La littérature administrative laissée par les fonctionnaires de Vichy en dit long sur le caractère implacable du régime. Une note du préfet conservée par les Archives Départementales du Calvados détaille les conditions dans lesquelles s'est opérée la rafle du 24 novembre 1943. Glaçant.

La note est signée d'un certain "C. Autin" qui est alors le directeur de cabinet du "préfet régional". Le 20 novembre 1943, depuis son bureau à la préfecture de Rouen, il donne instruction aux préfets des quatre départements concernés d'organiser une rafle. Celle-ci a eu lieu le "mercredi suivant", le 24 novembre 1943.

A cette date, comme le rappelle Yves Lecouturier dans son livre Shoah en Normandie (éditions Cheminements, 2004), "selon une statistique de la préfecture de Rouen, seuls 303 juifs demeurent en principe officiellement en Normandie" dont 50 dans la Manche, 79 dans le Calvados, 72 dans l'Eure, 20 en Seine-Inférieure, et 82 dans l'Orne. En effet, beaucoup des "israélites" recensés par le régime de Vichy dès le début de l'occupation ont déjà été arrêtés ou se sont enfuis. 

Dans le style impersonnel propre à l'administration, le directeur de cabinet du préfet détaille les conditions dans lesquelles doit s'opérer ce que les "Hautes Autorités Allemandes" désignent comme un "repli vers l'intérieur" des juifs vivant en Normandie. La note précise d'ailleurs que "le gouvernement français a accepté de prêter son concours à condition [que l'opération] ne revête pas un caractère de police et que certaines garanties soient données quant à la personne et aux biens des israélites évacués". Car officiellement, il ne s'agit que d'une "évacuation" à laquelle doit participer "le service des réfugiés et la Croix Rouge" : les fonctionnaires de l'Etat n'auront qu'à "notifier aux intéressés" l'ordre d'évacuation des juifs signé par le Dr Kiel, le "kommandeur de la Sicherheitspolizei".

Pour faciliter le transport, les "évacués" doivent s'en tenir à 50 kilos de bagages et être "puisque cela est géographiquement possible, réunis en un seul convoi"


Mais les instructions données aux préfets montrent le caractère méthodique et implacable du "concours" apporté par "l'Etat Français" à l'occupant nazi. Rien n'est laissé au hasard. "Il est désirable" que la Police et la Gendarmerie se fasse discrètes. Il leur est néanmoins conseillé d'être vigilantes "pour éviter des fuites qui ne manqueraient pas d'être reprochées aux autorités françaises". Pour faciliter le transport, les "évacués" doivent s'en tenir à 50 kilos de bagages et être "puisque cela est géographiquement possible, réunis en un seul convoi". La préfecture précise que "les opérations de ramassage et de groupage" pourront commencer dès le matin afin que tous puissent être acheminés à Paris "par le train express 308 arrivant à Paris mercredi à 22h15".

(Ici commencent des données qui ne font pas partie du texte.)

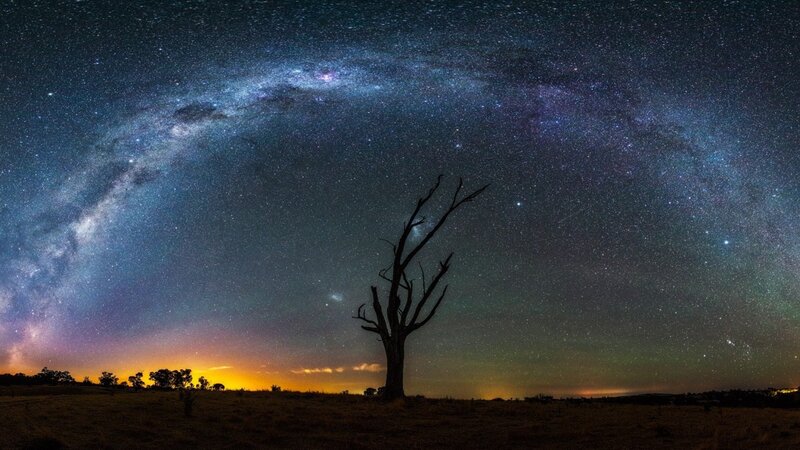 Silhouette of Dead Tree — Blue, Serene, Night, Photograph, Milky Way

Les "évacués" sont regroupés à Drancy avant d'être déportés

Dans son livre, Yves Lecouturier, dresse le bilan de cette rafle. Les hauts-fonctionnaires si soucieux de l'efficacité de la mécanique administrative ont du être déçu : "Sur les 79 juifs officiellement recensés dans le département du Calvados, 11 sont évacués, 13 ont disparu et 18 sont maintenus sur place pour des raisons de santé". On apprend aussi que le commissaire de police de Caen déplore que certains juifs aient "pressenti" la rafle et qu'ils se soient "dérobés". Au moins 24 personnes ont aussi été arrêtées dans l'Orne, 3 dans la Manche (où 14 autres sont déclarés disparus) : l'information a manifestement fuité, ce qui a permis à bon nombre de familles de prendre la fuite à temps.

La plupart des "évacués" finiront à Drancy, l'anti-chambre des camps de la mort. C'est le cas de Lazare Borocowitch, blessé en 14-18 sous l'uniforme de la Légion Étrangère et de son épouse Camille. Le Livre Mémorial des victimes du nazisme dans le Calvados publié en 2004 par le conseil général et les Archives Départementales du Calvados nous apprend que que Lazare Borocowitch vit alors à Beuville avec sa femme. Il est arrêté une première fois en 1942 et interné pendant cinq mois pour "des sympathies communistes". Il est arrêté une seconde fois le 20 février 1943 "mais le préfet en accord avec les autorités allemandes décide de ne pas le maintenir en état d'arrestation. il bénéficie cinq jours plus tard d'une autorisation pour porter son travail chez un foureur caennais pendant les heures permises aux juifs". Arrêté en novembre 1943, il est "déporté le 3 février 1944 à Auschwitz où il disparaît à une date indéterminée".